Core API

Core API info

This page describes how clients integrate with the GRENL prediction service at a contract level. It is not a full OpenAPI dump and does not document proprietary model internals, feature engineering recipes, or tuning parameters.

Base URL and versioning

  • HTTP APIs are namespaced under /api/v1 (or the path your deployment mounts behind a reverse proxy).
  • Breaking changes bump the major version; additive fields and backward-compatible behavior stay within a version line when possible.

Format and clients

Request and response bodies are JSON with explicit schemas in the running service (Pydantic on the server). Use typed clients, validate responses in tests, and treat undocumented fields as unstable.

What the API exposes

  • Health — liveness/readiness style checks suitable for orchestrators and uptime monitors.
  • Reference data — stable identifiers for pricing nodes and related catalog entries your agents must agree on.
  • Predictions — short-horizon signals derived from latest ISO pricing and weather inputs, returned with timestamps and model metadata so you can audit what was requested.

Exact path names, query parameters, and response shapes ship with the service; when you self-host, OpenAPI docs are typically served at /docs (Swagger UI) alongside the codebase.

Payments and access control

Deployments may enable machine-to-machine payment headers (for example HTTP 402 flows aligned with emerging conventions) when PAYMENTS_ENABLED is on.
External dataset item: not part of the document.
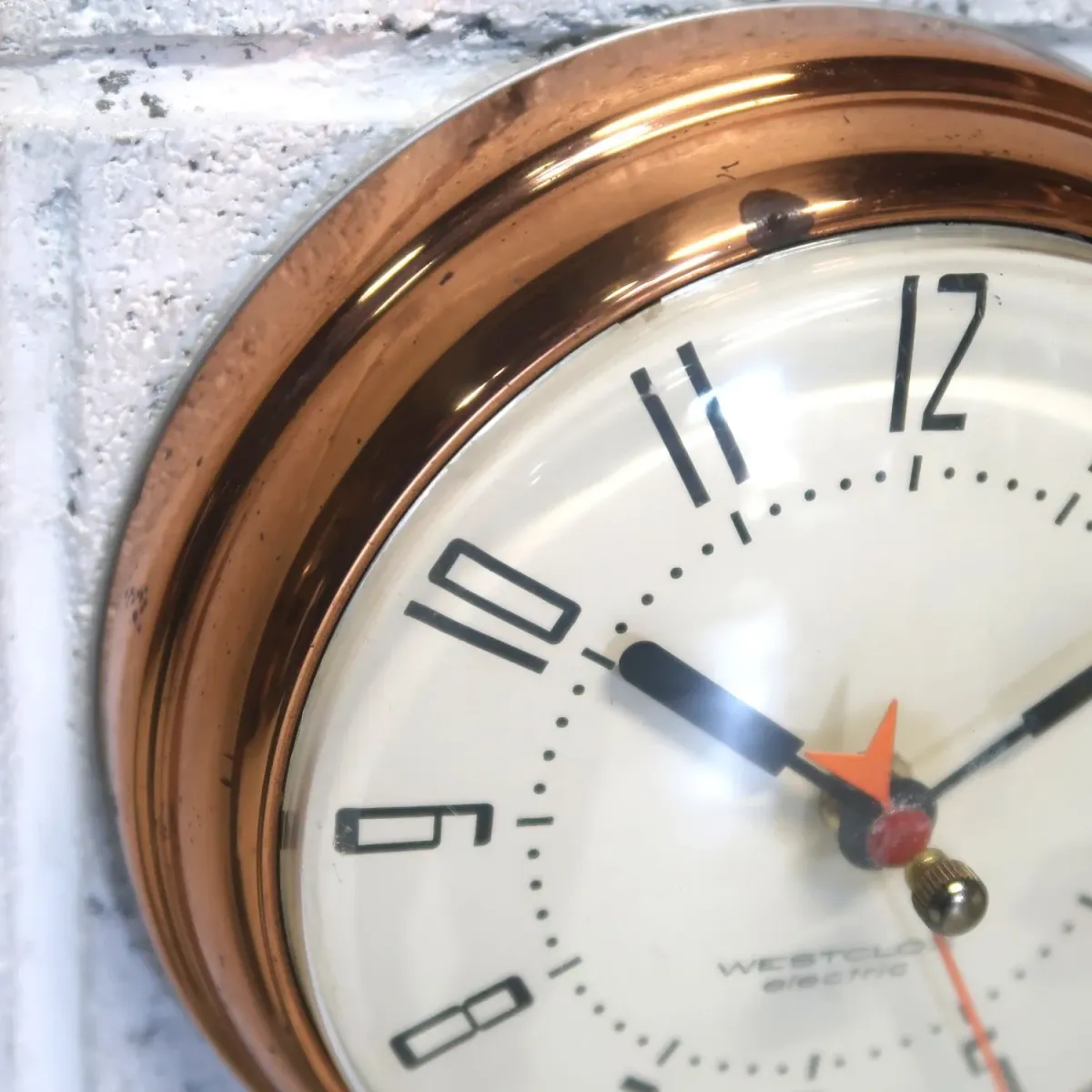 WESTCLOX ビンテージ ウォールクロック コッパー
Whether metering applies to your integration depends on your contract and environment—not on this marketing page.

Errors

Clients should expect standard HTTP status codes, structured error bodies where the service provides them, and idempotent retry behavior for safe GETs. Transient upstream outages (ISO feeds, weather archives) surface as retryable failures; validation mistakes return 4xx with actionable messages—without leaking internal stack traces in production.

Stack (public)

The service is implemented as async FastAPI workers with Redis for bounded-TTL caching and TimescaleDB/Postgres for historical series—patterns chosen for latency and auditability, not novelty.

What we do not publish here

  • Model architecture details, training data selection, or hyperparameter grids.
  • Proprietary feature transforms, calibration procedures, or backtest methodology.
  • Internal runbooks, on-call procedures, or non-public vendor terms.

Implementation access

Source, CI artifacts, and deployment definitions are shared with approved partners during technical onboarding.